_Task prompt:_
Copy every line in the records below that contains the word "Blouse".

····················

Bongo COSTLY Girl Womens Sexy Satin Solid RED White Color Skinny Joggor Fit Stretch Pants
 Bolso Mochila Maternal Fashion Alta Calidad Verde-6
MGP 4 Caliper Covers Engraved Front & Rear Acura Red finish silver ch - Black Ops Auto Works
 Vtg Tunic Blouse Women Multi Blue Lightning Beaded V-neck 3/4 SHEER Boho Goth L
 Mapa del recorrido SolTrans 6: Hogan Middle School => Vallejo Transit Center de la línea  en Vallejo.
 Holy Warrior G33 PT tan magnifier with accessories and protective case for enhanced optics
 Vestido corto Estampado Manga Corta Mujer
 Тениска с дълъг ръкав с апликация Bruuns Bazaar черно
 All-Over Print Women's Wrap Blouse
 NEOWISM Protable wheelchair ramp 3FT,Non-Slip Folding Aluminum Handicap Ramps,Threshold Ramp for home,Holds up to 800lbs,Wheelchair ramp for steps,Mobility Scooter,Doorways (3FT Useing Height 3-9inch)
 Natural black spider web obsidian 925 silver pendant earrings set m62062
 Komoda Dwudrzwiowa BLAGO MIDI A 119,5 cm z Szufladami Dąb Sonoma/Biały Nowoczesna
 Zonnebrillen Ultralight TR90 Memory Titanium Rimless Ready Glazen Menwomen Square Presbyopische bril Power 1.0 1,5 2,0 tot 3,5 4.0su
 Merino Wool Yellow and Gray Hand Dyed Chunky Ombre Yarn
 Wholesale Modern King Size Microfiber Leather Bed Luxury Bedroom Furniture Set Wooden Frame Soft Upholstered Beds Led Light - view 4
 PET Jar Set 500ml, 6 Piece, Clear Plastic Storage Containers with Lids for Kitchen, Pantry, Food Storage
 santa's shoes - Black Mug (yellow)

····················

_Problem solution:_
 Vtg Tunic Blouse Women Multi Blue Lightning Beaded V-neck 3/4 SHEER Boho Goth L
 All-Over Print Women's Wrap Blouse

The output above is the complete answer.